Essa é a teoria que está por detrás do MDL - Mecanismo de Desenvolvimento Limpo, do Protocolo de Kyoto, que é uma variante desse sistema. O MDL é muito pequeno para acomodar as reduções desejadas pelo mundo. Para se ter uma idéia, o Protocolo de Kyoto fala em reduções de 5% dos países industrializados, ou seja, 4% das emissões globais, quando precisaríamos de uma redução de 60%, até 2050.

Apesar da inexperiência ou da falta de capacidade de adivinhar o futuro de todos os envolvidos, o MDL tem sido útil, mas a experiência tem trazido à superfície alguns pecados, talvez até de origem. Um deles é o fato de que a redução das emissões é medida em relação a uma linha de base hipotética e as discussões sobre qual seria esta linha, na prática, têm criado um cartório de subjetividade internacional que, em particular, tem evitado, até hoje, que haja projetos de MDL pela produção de etanol, no Brasil.

Conseguem-se alguns créditos com a geração de energia elétrica, mas outro problema corrente é que, na prática, os reguladores têm procurado incluir, nas exigências para a concessão dos créditos, considerações que são de outra natureza e têm a ver com sustentabilidade social, efeitos ambientais locais, dentre outros. O sistema está ficando complicado demais.
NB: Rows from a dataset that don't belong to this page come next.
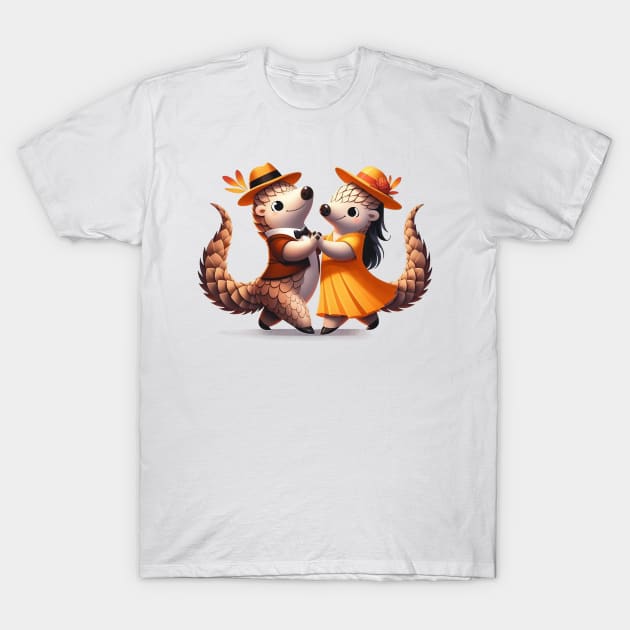 Cute Couple Pangolins Dancing Tango Pango-Tango T-Shirt by Dmytro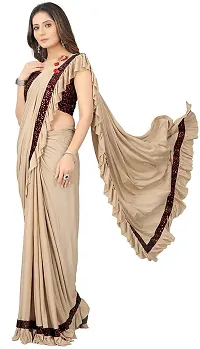 Beautiful Beige Lycra Embellished Women Saree with Blouse piece-thumb3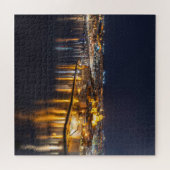 Hafen in Malta nachts beleuchtet Puzzle (Horizontal)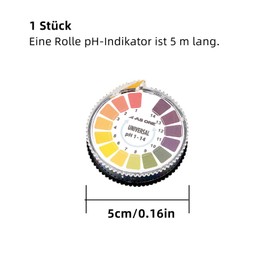 Yuiturt 1 Roll of pH Test Strips, Fast pH Measurements (0-14), 5 m/Roll Litmus Indicator, Universal Paper, Overacidity, Body Determination, pH Value, Acid Test, Universal pH Paper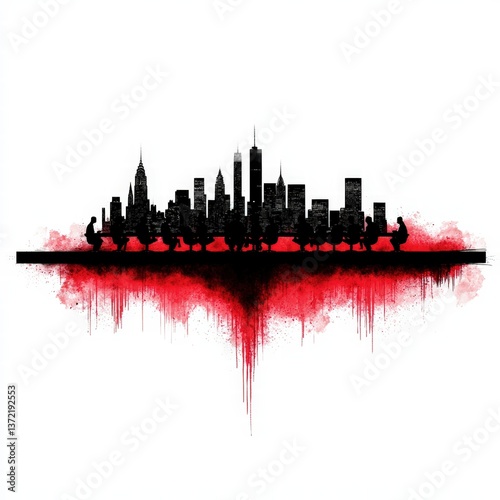 Artistic city skyline painted red creating a bold and dramatic urban landscape with vibrant hues photo
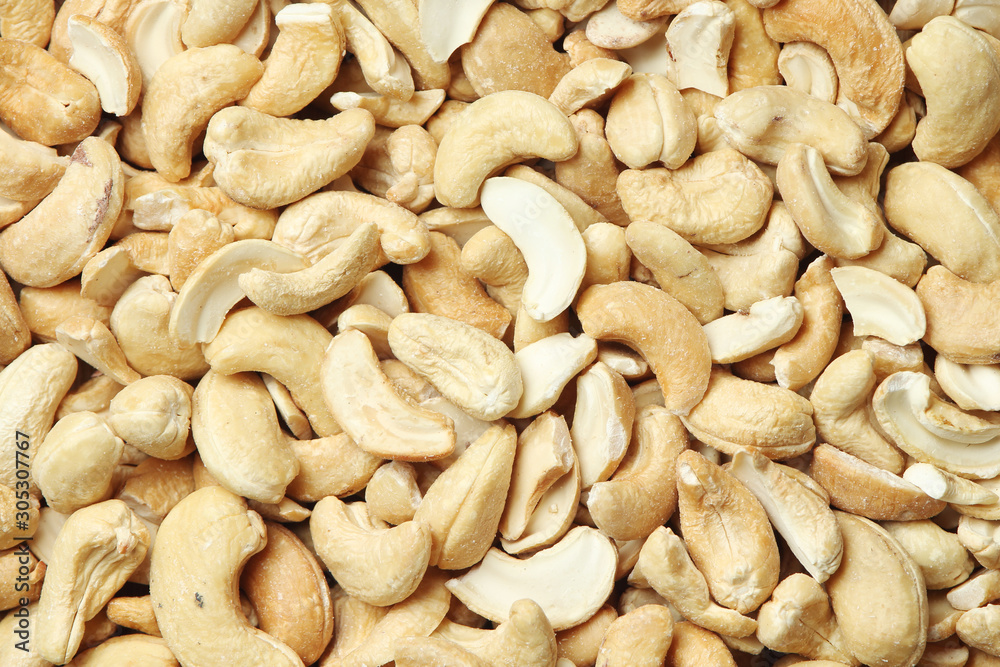 Background formed with cashew nuts Background formed with cashew nuts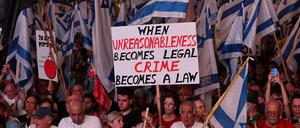 Demonstranten in Tel Aviv, Israel.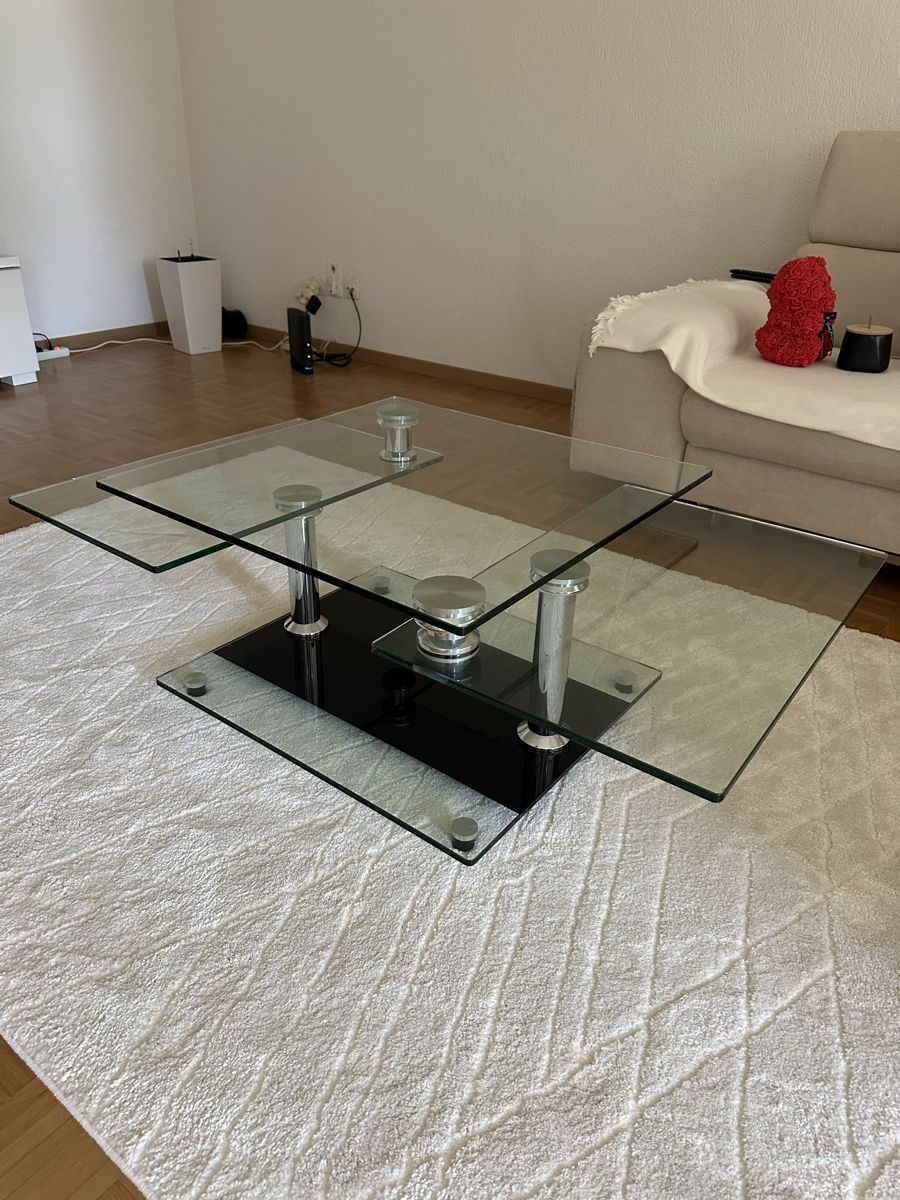 Tavoli: Glas Couchtisch ausziehbar schwebend Schwarz Chrom – Usato da Münchenbuchsee venduto da IleanaT 3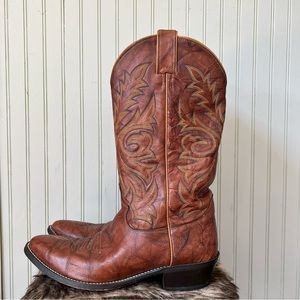 Justin Boots 1560 Deerlite Chestnut Marbled Leather Cowboy Boots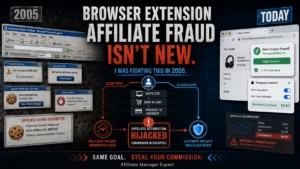 Browser extension affiliate fraud showing old toolbars, modern coupon extensions, and affiliate commission attribution being intercepted.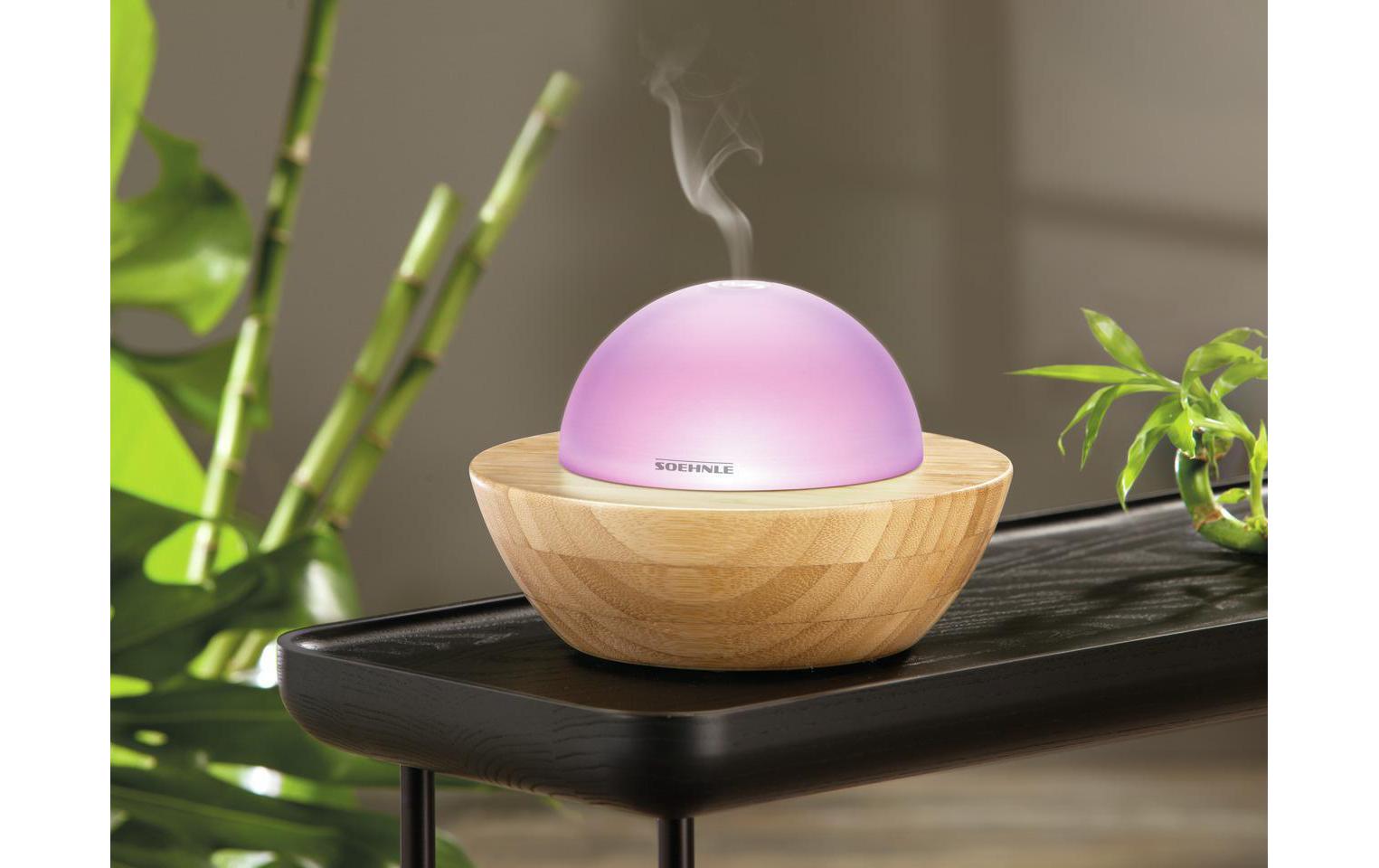 Aromavernebler Modena Weiss, BraunStimmungsvoller Design Aroma Diffuser aus Glas und Bambus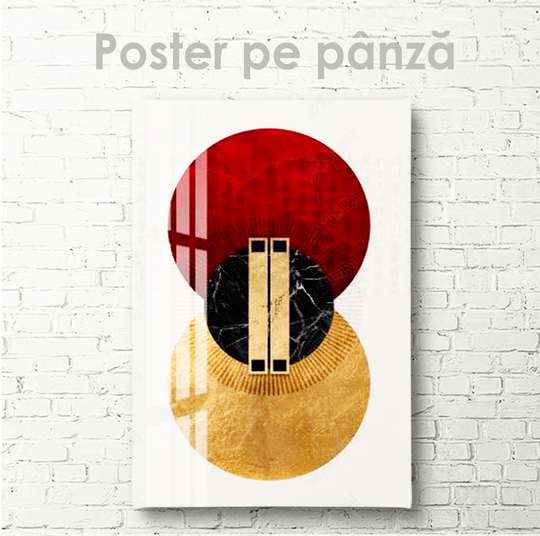 Poster - Burgundy and gold painting, 30 x 45 см, Canvas on frame, Abstract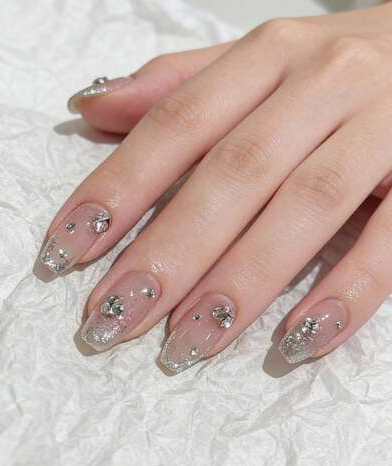 24 pièces de poudre à ongles polonais en forme de cercueil en forme de cercueil style presse 3D pierre gemme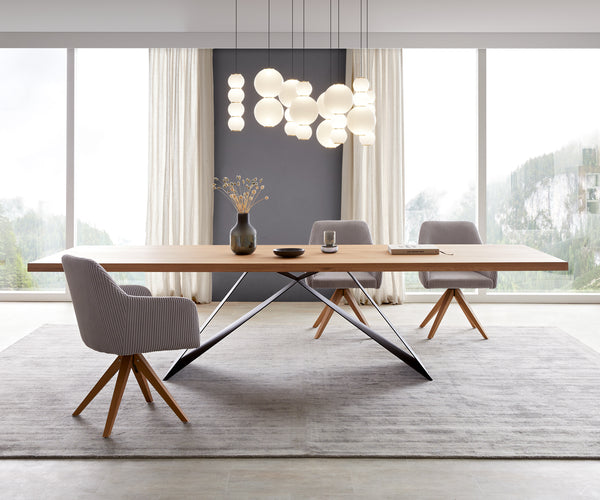 Dining Table Olympus 300x100cm Oak Wood Natural V-Frame Black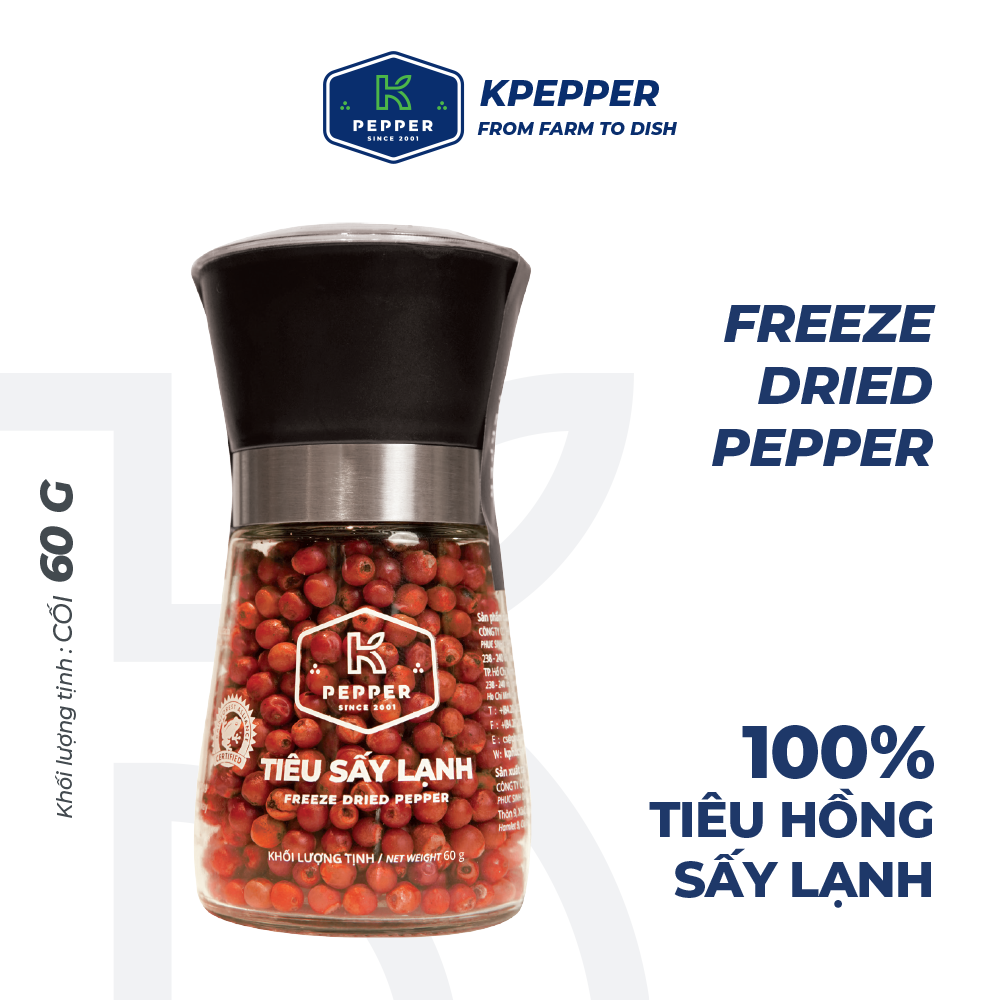 Tiêu hồng sấy lạnh k pepper 60g kèm cối xay tiêu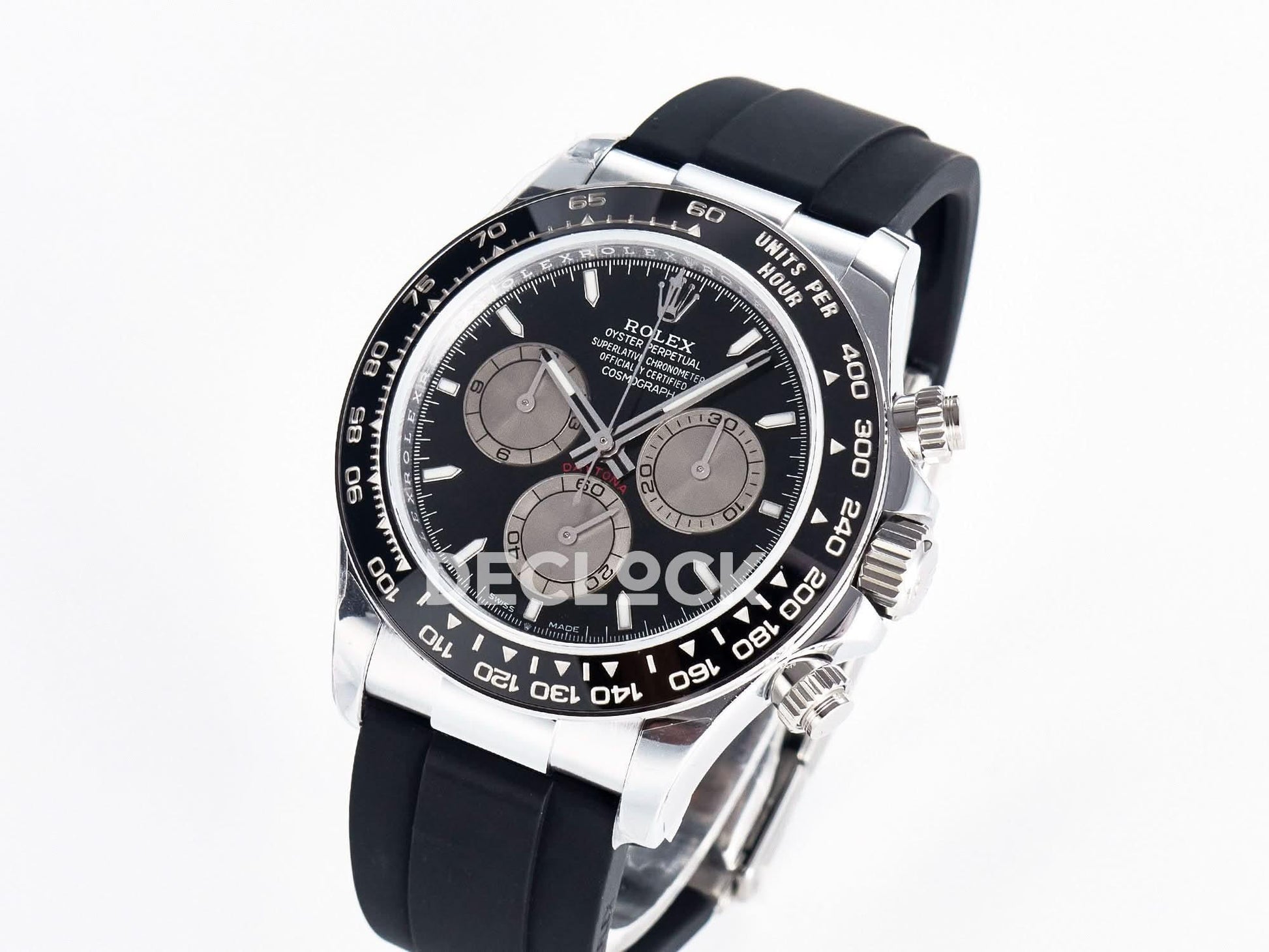 Replica Rolex Daytona 126519 Black/Gray Dial in White Gold on Rubber Strap |  Declock.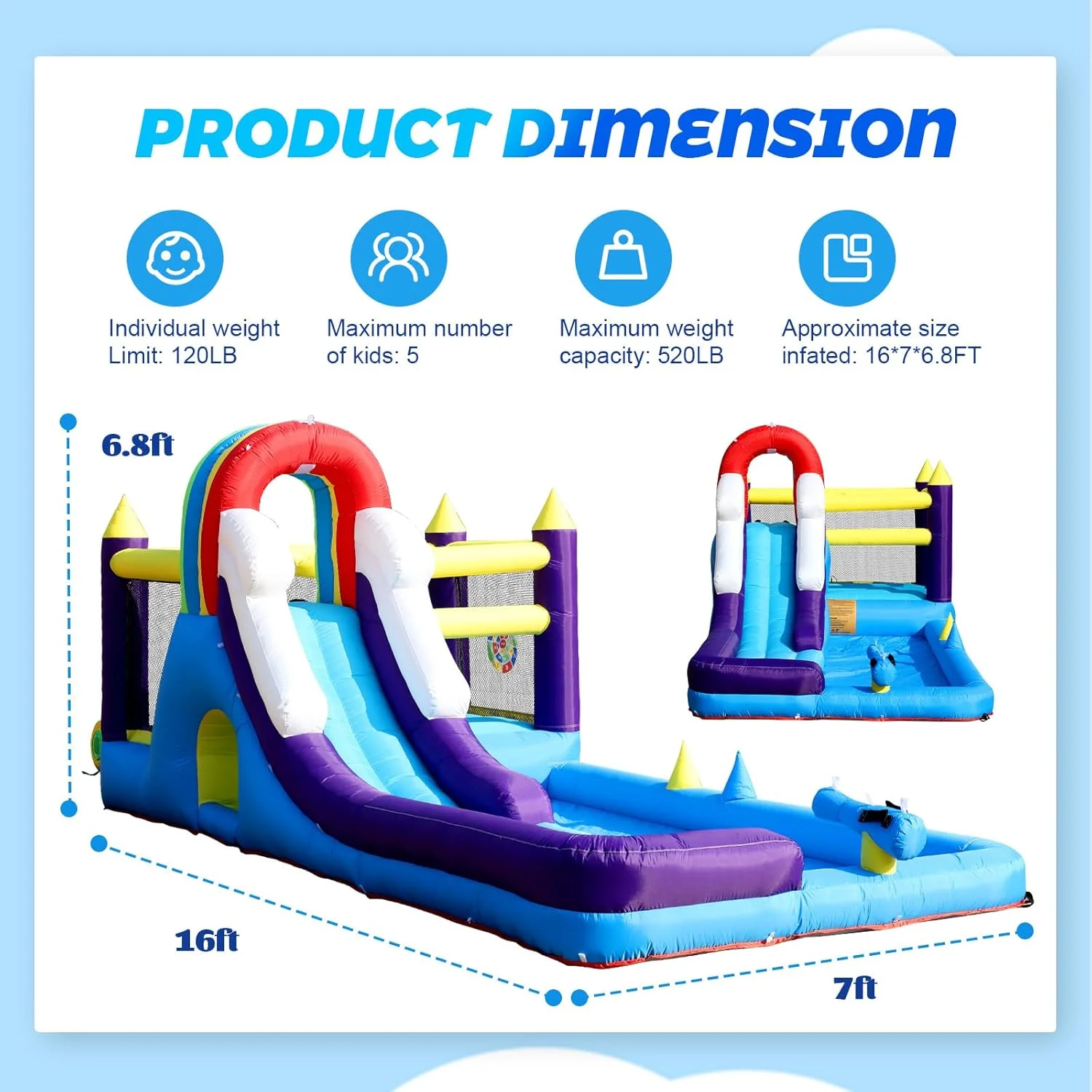 Inflatable Water Slide for Adults Kids 16FT, Giant Commercial Water Slide with Bigger Splash Pool/480W Blower, Blow up Adult Water Slide for Backyard Outdoor,16x7x6.8ft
Tempos atrás, em uma conversa, eu prometi ao Ministro Roberto Rodrigues que daria uma olhada no problema, para verificar, se é que é possível, como escapar completamente de toda essa complexidade e fazer contas simples, separando as considerações sociais, locais, etc, do problema do carbono e, de alguma forma, atribuir ao uso do etanol para a geração de energia o real efeito que ele tem sobre a mudança de clima.

Conversando também com o Dr. Isaías Macedo, da Unicamp, que faz todas essas contas sobre o balanço de carbono, a conclusão é que se levarmos em conta a contribuição para as usinas que têm caldeira de alta pressão, geram energia elétrica, a jogam na rede e, com isso, deslocam a geração térmica de eletricidade no Brasil. Na realidade, isso equivale a uma emissão negativa. É um desafio muito grande e este grupo precisará ajudar a exercer liderança nessa área, senão ninguém mais o fará.